Alors, la pression populaire forçait l’armée à démettre l’un des siens, Omar el-Béchir. Généraux et civils s’entendaient sur un calendrier de transition, qui prévoyait une remise du pouvoir tout entier aux civils avant des élections libres en 2023.
Mais, le 25 octobre, le général Burhane a rebattu les cartes : il a prolongé de deux ans son mandat de fait à la tête du pays et réinstallé, un mois plus tard, Abdallah Hamdok, tout en ayant préalablement remplacé bon nombre de responsables – notamment au sein du Conseil de souveraineté qu’il chapeaute -, en extrayant les partisans les plus actifs d’un pouvoir civil.
Aussitôt, Abdallah Hamdok est devenu l’ennemi de la rue, le « traître », qui aidait les militaires à « faciliter le retour de l’ancien régime ».
Les manifestants, qui depuis le 25 octobre, conspuent le général Burhane dans la rue, se sont mis à le conspuer, lui aussi.
Car dans un pays presque toujours sous la férule de l’armée depuis son indépendance il y a 65 ans, les manifestants le clament : ils ne veulent « ni partenariat, ni négociation » avec l’armée.
Et ils le redisent de plus en plus souvent au risque de leur vie : dimanche, 2 janvier, de nouveau, parmi les milliers de Soudanais sortis dans les rues, trois ont été tués par des balles ou des coups de bâton des forces de sécurité, rapporte un syndicat de médecins pro-démocratie.

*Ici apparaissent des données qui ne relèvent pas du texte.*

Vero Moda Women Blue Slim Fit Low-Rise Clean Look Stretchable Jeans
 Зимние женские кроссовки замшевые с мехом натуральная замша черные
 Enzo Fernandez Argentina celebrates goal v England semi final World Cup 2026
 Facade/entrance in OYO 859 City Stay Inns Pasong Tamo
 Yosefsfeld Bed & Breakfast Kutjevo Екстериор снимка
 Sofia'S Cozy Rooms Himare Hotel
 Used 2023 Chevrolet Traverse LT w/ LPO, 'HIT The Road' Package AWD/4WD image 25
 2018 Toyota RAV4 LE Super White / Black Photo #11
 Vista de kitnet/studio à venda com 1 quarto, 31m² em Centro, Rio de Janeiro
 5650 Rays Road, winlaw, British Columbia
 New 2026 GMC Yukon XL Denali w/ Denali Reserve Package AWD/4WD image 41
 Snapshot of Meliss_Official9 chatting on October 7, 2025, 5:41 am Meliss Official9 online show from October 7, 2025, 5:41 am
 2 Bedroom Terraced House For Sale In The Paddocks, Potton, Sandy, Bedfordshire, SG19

Des « morts de la démocratie » que l’Occident, principal soutien des civils, n’aidera, jamais, à venger. A quoi bon d’aller au casse-pipe quand on connait d’avance le résultat ? Les militaires sont soutenus par des puissants alliés de la région, notamment, les monarchies du Golfe, surtout, l’Egypte voisin. Ces derniers n’ont guère toléré l’empressement du nouveau pouvoir de Hamdok à nouer des relations diplomatiques avec Israël à la demande de Donald Trump, alors chef de la Maison Blanche. Une telle reconnaissance précipitée était considérée comme une haute trahison dans les pays arabes. Le coup de grâce, c’était d’annoncer la traduction du général, Omar el-Béchir, à la Cour pénale internationale, suprême humiliation pour non seulement le Soudan, mais aussi, l’Afrique en général. Béchir n’y sera, sans doute, plus jugé, ce qui sauve la face de beaucoup de gens au Soudan et en Afrique. Mais, le combat n’est pas encore terminé. L’Occident, sur ce plan, n’a pas encore abdiqué.
En tout, depuis le 25 octobre, 57 manifestants ont été tués et des centaines blessés.
Un conseiller du général Burhane a jugé vendredi que « les manifestations ne sont qu’une perte d’énergie et de temps » qui ne mènera « à aucune solution politique ».
Les Européens ont déjà exprimé leur indignation, de même que le secrétaire d’Etat américain, Antony Blinken, et les Nations-Unies. Tous plaident pour un retour au dialogue comme préalable à la reprise de l’aide internationale coupée après le putsch dans ce pays, l’un des plus pauvres au monde.
Antony Blinken a prévenu samedi, 1er janvier, que les Etats-Unis étaient « prêts pour répondre à tous ceux qui cherchent à empêcher les Soudanais de poursuivre leur quête d’un gouvernement civil et démocratique ». La menace de Blinken n’est qu’une énième intervention d’une Amérique impérialiste qui refuse que le Soudan prenne en main son destin. Heureusement que, jusqu’à ce jour, la volonté néfaste de Oncle Sam n’arrive pas à se traduire dans les faits. Les Etats-Unis, on le voit dans ce conflit inter-soudanais et dans plusieurs autres, ne sont plus qu’un géant aux pieds d’argile. Autrement dit, Washington sait aboyer mais ne sait plus mordre. Les Américains ne font plus peur à personne au Soudan.